With the pictures removed, write out the data below exactly.

• • • •

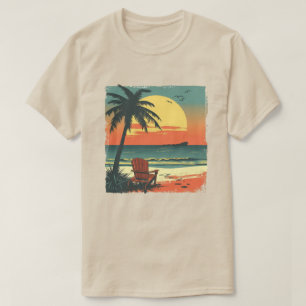 Camiseta Pôr do sol personalizável da palmeira tropical ret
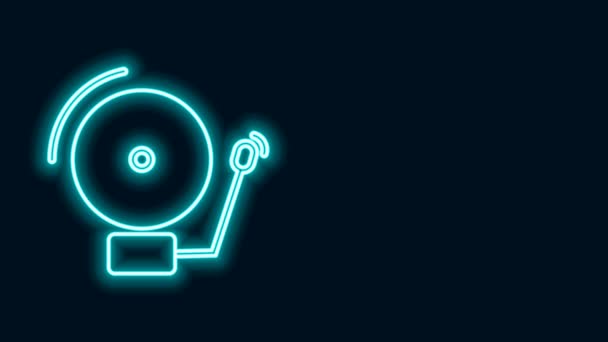 Glödande neon line Ringsignal klocka ikon isolerad på svart bakgrund. Larmsymbol, service klocka, handbell tecken, anmälan symbol. 4K Video motion grafisk animation — Stockvideo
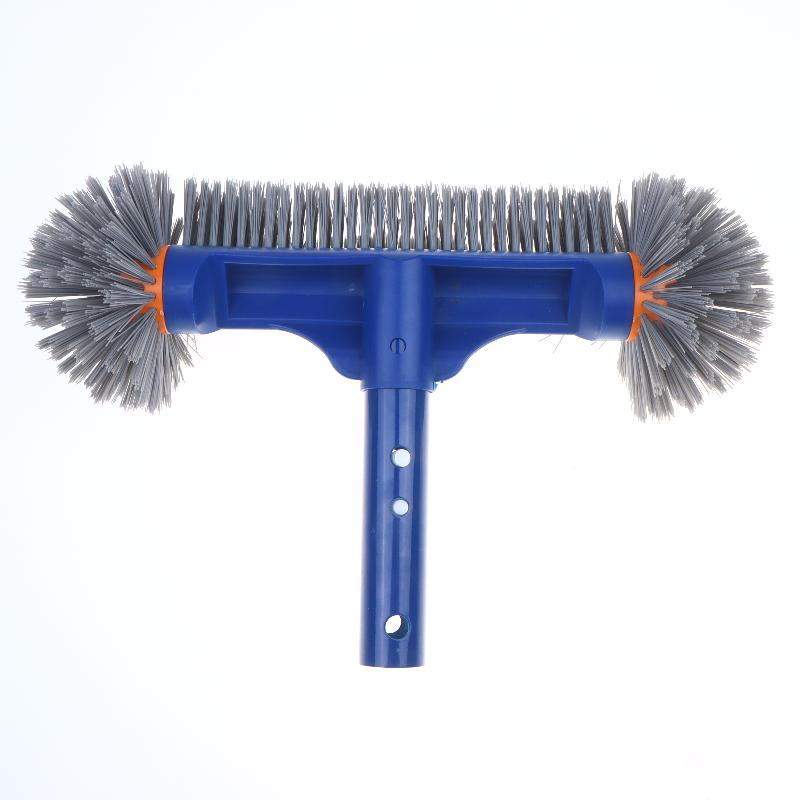 13" Heavy Duty Pool Brush Head High Strength Bristle Detachable Aluminum Handle for Tough Dirt Removal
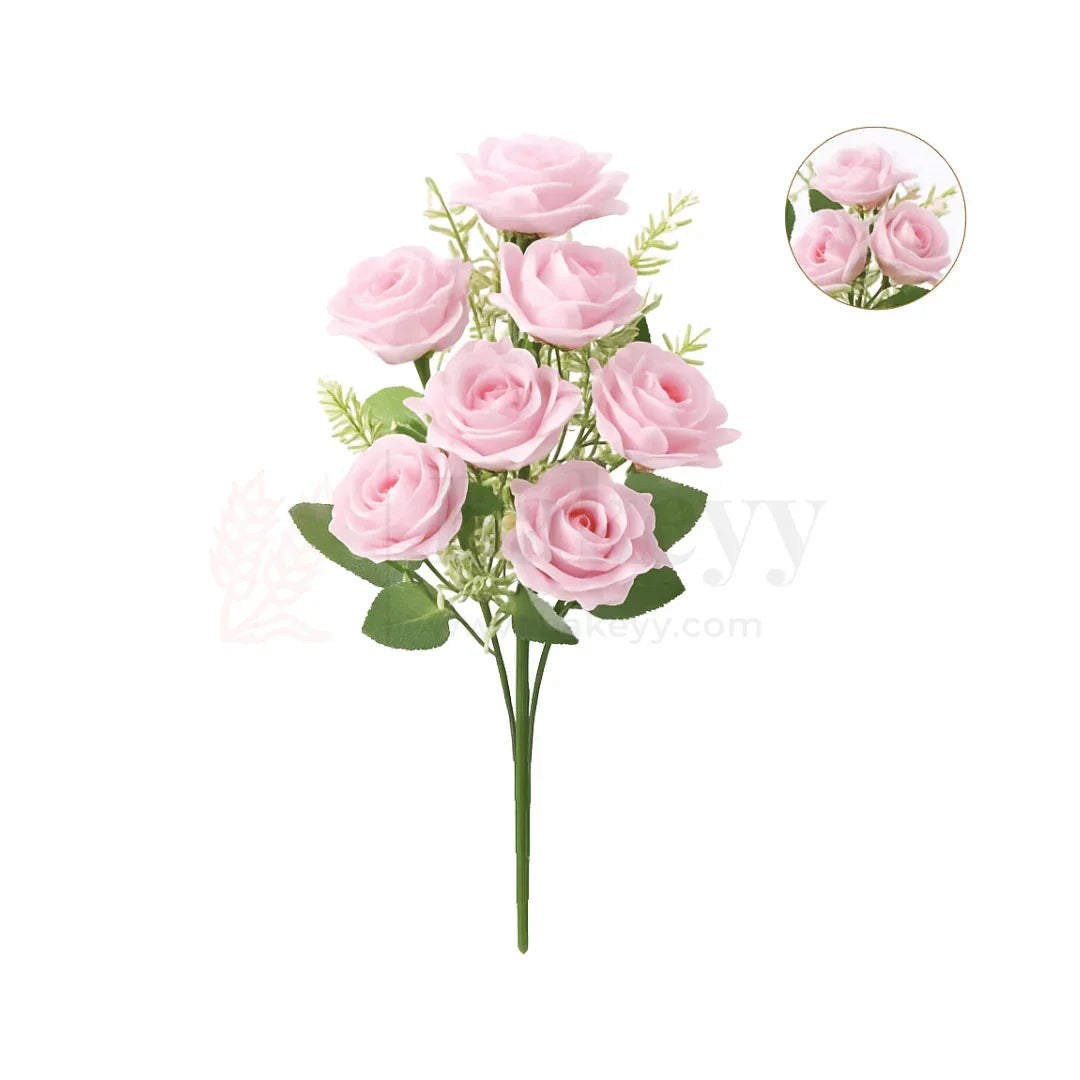 Artificial Bloomed Rose Flower Bouquet - 40cm | Elegant Faux Floral Bunch for Home Decor, Vase Styling & Events - Pack of 1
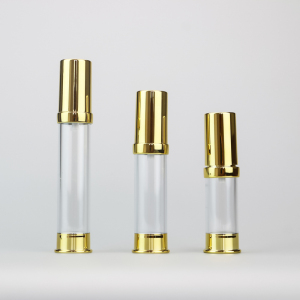 High quality gold aluminum airless pump cosmetic bottle 15ml 20ml 30ml travel bottle by Kinpack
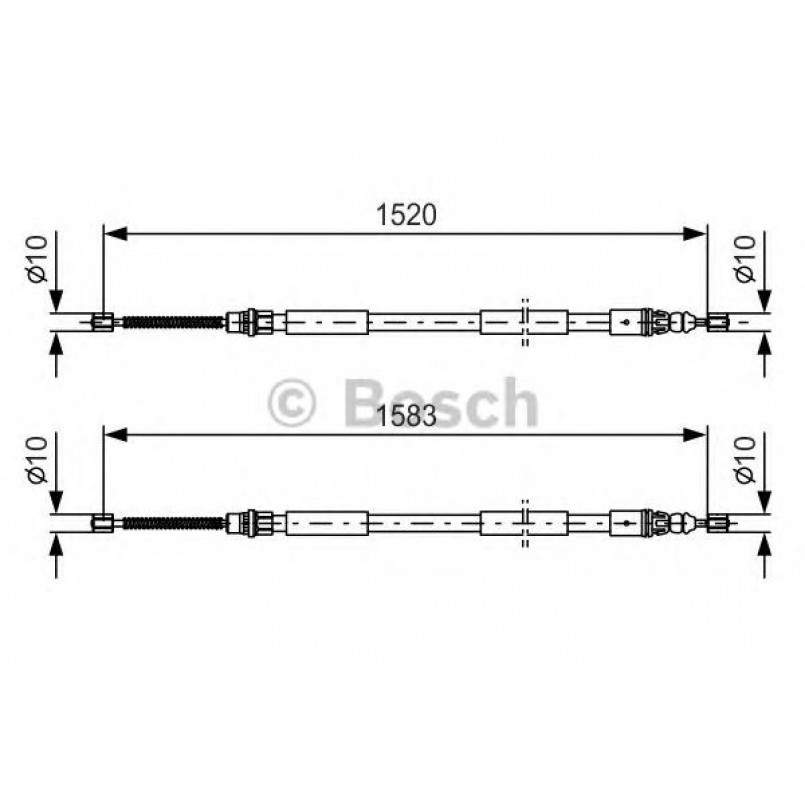 1987477616 BOSCH Трос ручного гальма — фото товара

• • • •

[Reply to the exercise]
 Camiseta Pôr do sol personalizável da palmeira tropical ret
 Glödande neon line Ringsignal klocka ikon isolerad på svart bakgrund. Larmsymbol, service klocka, handbell tecken, anmälan symbol. 4K Video motion grafisk animation — Stockvideo
 13" Heavy Duty Pool Brush Head High Strength Bristle Detachable Aluminum Handle for Tough Dirt Removal
 Artificial Bloomed Rose Flower Bouquet - 40cm | Elegant Faux Floral Bunch for Home Decor, Vase Styling & Events - Pack of 1
 High quality gold aluminum airless pump cosmetic bottle 15ml 20ml 30ml travel bottle by Kinpack
 1987477616 BOSCH Трос ручного гальма — фото товара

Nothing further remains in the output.